# Problem to work on
Every line from the line containing "Pendrive SanDisk Ultra" through the end of the data is to be reproduced exactly, excluding pictures.

# Captioned web image data
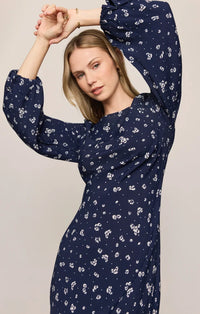 Z Supply - Midnight Tansy Midi Dress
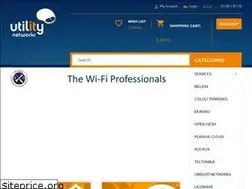 Sites similar to utilitynetworks.co.uk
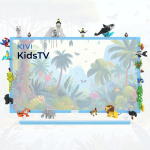 Kivi KAN32M KIDS BOX Acc set Animals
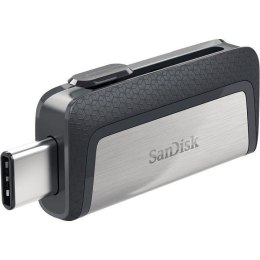 Pendrive SanDisk Ultra Dual Drive 64GB / USB 3.1 Typ-C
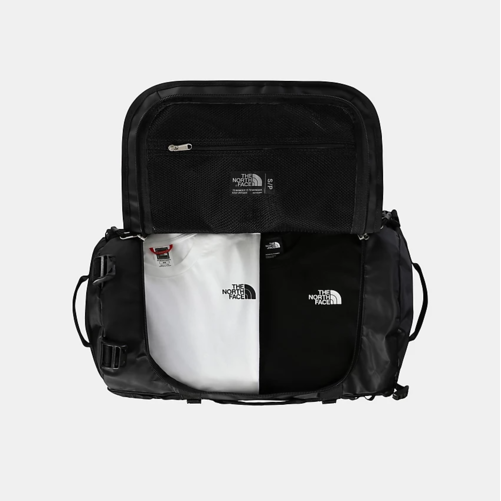 Bolsa viaje Negra The North Face BASE CAMP DUFFEL - S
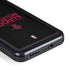 NBA Houston Rockets Standard - Black Galaxy S24 Waterproof Case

# Output for this exercise
 Pendrive SanDisk Ultra Dual Drive 64GB / USB 3.1 Typ-C
 Bolsa viaje Negra The North Face BASE CAMP DUFFEL - S
 NBA Houston Rockets Standard - Black Galaxy S24 Waterproof Case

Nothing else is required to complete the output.